Building Virtual Cities: Policy Informatics for Large Co-evolving Socio-Technical Networks

Madhav Marathe
Seminar

Complex Networks are pervasive in our society. Realistic biological, information, social and technical networks share a number of unique features that distinguish them from physical networks. Examples of such features include: irregularity, time-varying structure, heterogeneity among individual components and selfish/cooperative game-like behavior by individual components. Furthermore, the network structure, the dynamical process on the network and the behavior of constituent agents co-evolve over time.

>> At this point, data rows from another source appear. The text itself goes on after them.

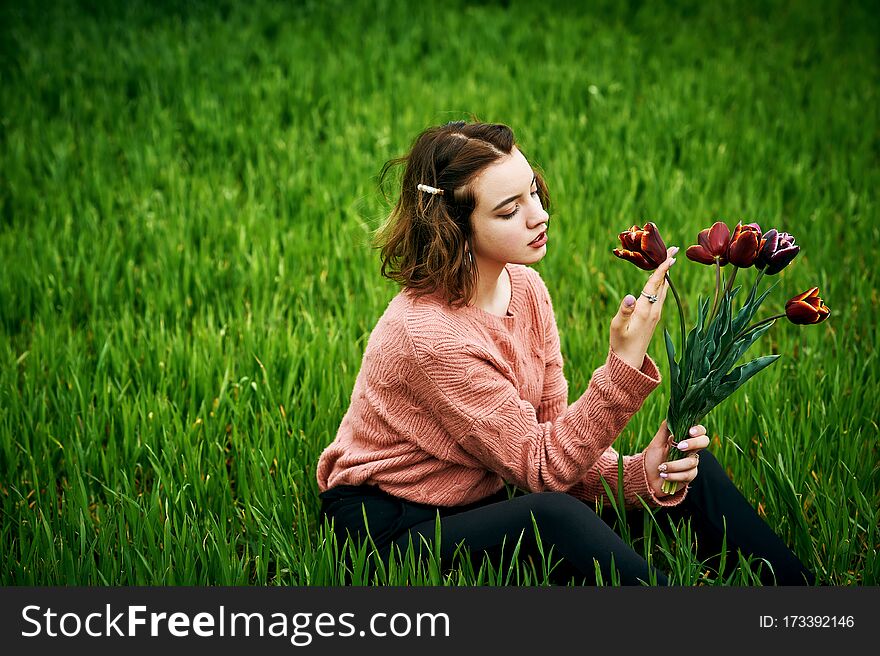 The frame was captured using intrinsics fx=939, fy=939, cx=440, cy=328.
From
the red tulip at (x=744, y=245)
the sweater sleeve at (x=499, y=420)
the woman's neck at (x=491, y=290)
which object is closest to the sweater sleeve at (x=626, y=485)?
the sweater sleeve at (x=499, y=420)

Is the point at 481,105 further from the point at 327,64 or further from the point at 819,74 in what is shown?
the point at 819,74

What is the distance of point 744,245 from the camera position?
4.90 ft

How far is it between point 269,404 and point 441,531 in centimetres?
83

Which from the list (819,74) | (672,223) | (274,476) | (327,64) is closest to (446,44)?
(327,64)

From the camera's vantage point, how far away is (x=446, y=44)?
5.88 meters

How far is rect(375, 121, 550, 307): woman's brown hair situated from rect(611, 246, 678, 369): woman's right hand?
→ 1.01ft

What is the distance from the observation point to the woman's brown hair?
1.74 meters

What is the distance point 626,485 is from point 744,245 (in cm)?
58

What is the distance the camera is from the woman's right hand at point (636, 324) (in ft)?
5.20

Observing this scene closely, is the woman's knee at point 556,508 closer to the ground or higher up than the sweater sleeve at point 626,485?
higher up

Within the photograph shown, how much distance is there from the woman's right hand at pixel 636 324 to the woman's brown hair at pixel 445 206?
31cm

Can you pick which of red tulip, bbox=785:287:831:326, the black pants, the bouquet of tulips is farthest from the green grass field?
red tulip, bbox=785:287:831:326

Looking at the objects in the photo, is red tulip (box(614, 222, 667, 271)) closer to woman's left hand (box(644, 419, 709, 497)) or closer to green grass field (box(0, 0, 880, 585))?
woman's left hand (box(644, 419, 709, 497))

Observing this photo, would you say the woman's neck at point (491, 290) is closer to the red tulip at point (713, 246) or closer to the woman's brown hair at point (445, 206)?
the woman's brown hair at point (445, 206) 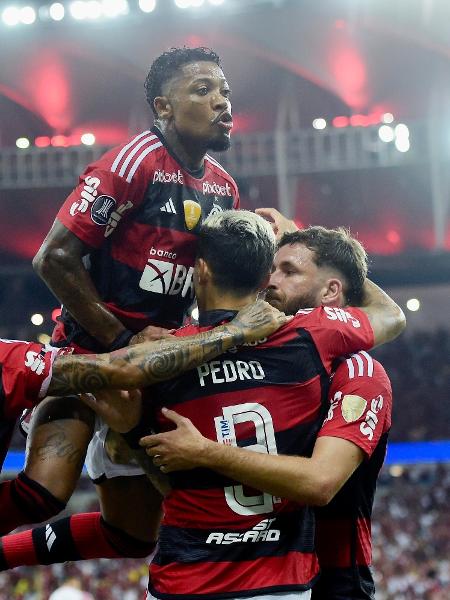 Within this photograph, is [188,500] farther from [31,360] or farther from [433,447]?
[433,447]

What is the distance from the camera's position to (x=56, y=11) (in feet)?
64.4

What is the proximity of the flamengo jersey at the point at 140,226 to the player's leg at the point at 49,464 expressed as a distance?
0.28 metres

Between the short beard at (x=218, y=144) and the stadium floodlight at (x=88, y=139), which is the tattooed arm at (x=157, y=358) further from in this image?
the stadium floodlight at (x=88, y=139)

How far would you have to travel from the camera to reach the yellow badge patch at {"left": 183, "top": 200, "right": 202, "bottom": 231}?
10.9 feet

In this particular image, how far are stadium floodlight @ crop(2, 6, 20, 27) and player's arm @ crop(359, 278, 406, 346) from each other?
1792 cm

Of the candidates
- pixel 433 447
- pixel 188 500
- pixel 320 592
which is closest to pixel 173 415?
pixel 188 500

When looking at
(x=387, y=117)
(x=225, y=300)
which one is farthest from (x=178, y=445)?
(x=387, y=117)

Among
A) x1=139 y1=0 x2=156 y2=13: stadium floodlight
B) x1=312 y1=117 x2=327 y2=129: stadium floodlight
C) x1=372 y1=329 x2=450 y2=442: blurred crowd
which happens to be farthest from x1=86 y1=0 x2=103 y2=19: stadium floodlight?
x1=372 y1=329 x2=450 y2=442: blurred crowd

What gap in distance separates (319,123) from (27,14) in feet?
23.3

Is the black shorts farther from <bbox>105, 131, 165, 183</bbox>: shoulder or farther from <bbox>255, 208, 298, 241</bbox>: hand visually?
<bbox>105, 131, 165, 183</bbox>: shoulder

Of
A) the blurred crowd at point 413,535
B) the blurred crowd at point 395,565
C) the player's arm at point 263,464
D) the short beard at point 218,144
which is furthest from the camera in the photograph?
the blurred crowd at point 395,565

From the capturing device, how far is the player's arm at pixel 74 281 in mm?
3109

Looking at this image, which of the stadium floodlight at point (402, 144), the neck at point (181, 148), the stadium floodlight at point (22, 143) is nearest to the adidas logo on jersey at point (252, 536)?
the neck at point (181, 148)

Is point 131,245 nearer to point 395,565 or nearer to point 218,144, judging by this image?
point 218,144
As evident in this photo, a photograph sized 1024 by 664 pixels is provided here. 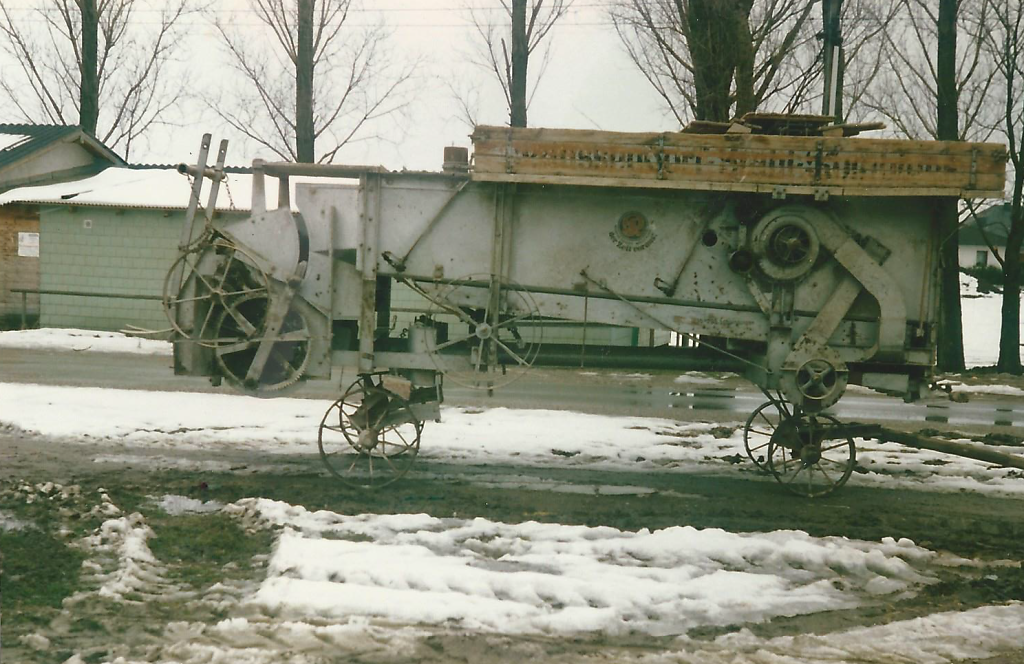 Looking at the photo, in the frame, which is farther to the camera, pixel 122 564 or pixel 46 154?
pixel 46 154

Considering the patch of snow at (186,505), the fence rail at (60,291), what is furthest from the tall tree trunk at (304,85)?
the patch of snow at (186,505)

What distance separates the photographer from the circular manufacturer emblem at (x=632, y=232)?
9.25 meters

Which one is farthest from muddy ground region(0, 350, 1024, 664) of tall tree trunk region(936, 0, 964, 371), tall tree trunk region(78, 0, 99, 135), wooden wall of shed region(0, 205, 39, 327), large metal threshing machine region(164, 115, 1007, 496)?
tall tree trunk region(78, 0, 99, 135)

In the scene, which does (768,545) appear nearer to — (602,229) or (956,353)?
(602,229)

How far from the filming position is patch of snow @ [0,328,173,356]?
20438 millimetres

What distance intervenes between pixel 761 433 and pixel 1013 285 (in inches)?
524

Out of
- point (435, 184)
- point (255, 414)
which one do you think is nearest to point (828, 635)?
point (435, 184)

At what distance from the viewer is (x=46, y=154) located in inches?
1038

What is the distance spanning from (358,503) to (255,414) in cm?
461

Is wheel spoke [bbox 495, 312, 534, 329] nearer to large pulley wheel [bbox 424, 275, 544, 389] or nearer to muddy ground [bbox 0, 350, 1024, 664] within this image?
large pulley wheel [bbox 424, 275, 544, 389]

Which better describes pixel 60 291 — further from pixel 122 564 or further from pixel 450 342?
pixel 122 564

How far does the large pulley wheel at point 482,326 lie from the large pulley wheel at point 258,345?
1.33m

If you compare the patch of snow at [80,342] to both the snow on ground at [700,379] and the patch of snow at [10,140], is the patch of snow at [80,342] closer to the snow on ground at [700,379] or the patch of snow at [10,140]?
the patch of snow at [10,140]

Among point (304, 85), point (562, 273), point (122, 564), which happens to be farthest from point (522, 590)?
point (304, 85) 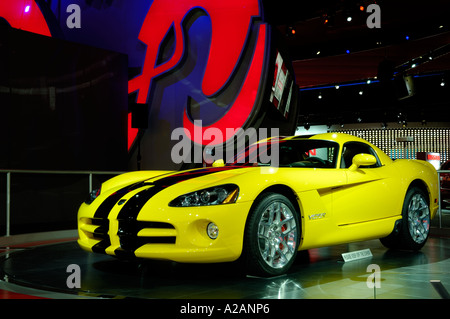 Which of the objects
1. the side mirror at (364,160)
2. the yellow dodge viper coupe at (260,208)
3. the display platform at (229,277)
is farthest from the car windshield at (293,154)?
the display platform at (229,277)

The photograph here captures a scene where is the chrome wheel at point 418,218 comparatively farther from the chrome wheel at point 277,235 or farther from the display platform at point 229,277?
the chrome wheel at point 277,235

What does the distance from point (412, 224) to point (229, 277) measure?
288 centimetres

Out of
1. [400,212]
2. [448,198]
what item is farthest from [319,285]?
[448,198]

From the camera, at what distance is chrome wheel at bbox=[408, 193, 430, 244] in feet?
21.4

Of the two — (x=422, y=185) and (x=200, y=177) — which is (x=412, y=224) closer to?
(x=422, y=185)

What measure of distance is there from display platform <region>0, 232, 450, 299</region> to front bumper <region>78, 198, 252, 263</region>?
26cm

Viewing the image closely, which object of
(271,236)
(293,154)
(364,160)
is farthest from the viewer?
(293,154)

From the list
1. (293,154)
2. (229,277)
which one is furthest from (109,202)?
(293,154)

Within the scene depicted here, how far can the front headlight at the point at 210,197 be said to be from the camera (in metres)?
4.39

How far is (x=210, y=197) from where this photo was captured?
4422 mm

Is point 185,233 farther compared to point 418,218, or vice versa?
point 418,218

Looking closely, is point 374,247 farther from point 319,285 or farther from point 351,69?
point 351,69

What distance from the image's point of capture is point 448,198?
1407cm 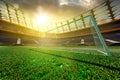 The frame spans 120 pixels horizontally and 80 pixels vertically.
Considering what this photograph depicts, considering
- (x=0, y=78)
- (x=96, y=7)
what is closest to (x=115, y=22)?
(x=96, y=7)

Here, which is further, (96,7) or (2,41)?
(96,7)

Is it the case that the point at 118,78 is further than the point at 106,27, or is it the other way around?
the point at 106,27

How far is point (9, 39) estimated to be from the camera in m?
11.1

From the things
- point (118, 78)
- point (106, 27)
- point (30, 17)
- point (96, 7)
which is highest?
point (30, 17)

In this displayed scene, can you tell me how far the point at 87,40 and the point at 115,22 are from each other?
3556 mm

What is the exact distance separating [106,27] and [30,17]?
18328mm

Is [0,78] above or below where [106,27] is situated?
below

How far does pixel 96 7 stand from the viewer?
11656 mm

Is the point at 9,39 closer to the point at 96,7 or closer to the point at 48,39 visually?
the point at 48,39

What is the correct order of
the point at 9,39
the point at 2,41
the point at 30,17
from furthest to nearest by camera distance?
the point at 30,17
the point at 9,39
the point at 2,41

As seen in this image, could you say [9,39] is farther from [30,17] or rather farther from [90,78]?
[30,17]

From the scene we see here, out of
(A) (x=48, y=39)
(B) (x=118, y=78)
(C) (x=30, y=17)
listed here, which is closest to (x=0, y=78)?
(B) (x=118, y=78)

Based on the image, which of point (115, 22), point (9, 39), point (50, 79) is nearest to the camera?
point (50, 79)

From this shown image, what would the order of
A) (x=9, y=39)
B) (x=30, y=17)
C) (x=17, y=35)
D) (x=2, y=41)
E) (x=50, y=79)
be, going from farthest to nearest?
(x=30, y=17), (x=17, y=35), (x=9, y=39), (x=2, y=41), (x=50, y=79)
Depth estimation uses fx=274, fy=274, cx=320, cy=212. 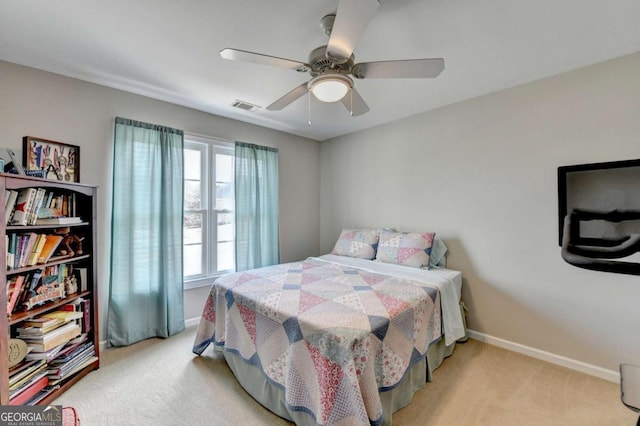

The size and heterogeneity of these networks, their co-evolving nature and the technical difficulties in applying dimension reduction techniques commonly used to analyze physical systems makes reasoning, prediction and controlling of these networks even more challenging. Recent quantitative changes in high performance and wireless computing capability have created new opportunities for collecting, integrating, analyzing and accessing information related to such large complex networks. The advances in network and information science that build on this new capability provide entirely new ways for reasoning and controlling these networks. Together, they enhance our ability to formulate, analyze and realize novel public policies pertaining to these complex networks. Over the last 15 years, our group has established a theory based program for modeling, simulation and associated decision support tools for understanding such large socio-technical systems. Complementing this modeling environment is a scalable service delivery framework that provides policy analysts and scientists seamless access to the modeling environment. After a brief overview, I will describe our approach within the context of a specific application: development of modeling and decision support environments to study epidemics in co-evolving social and wireless networks.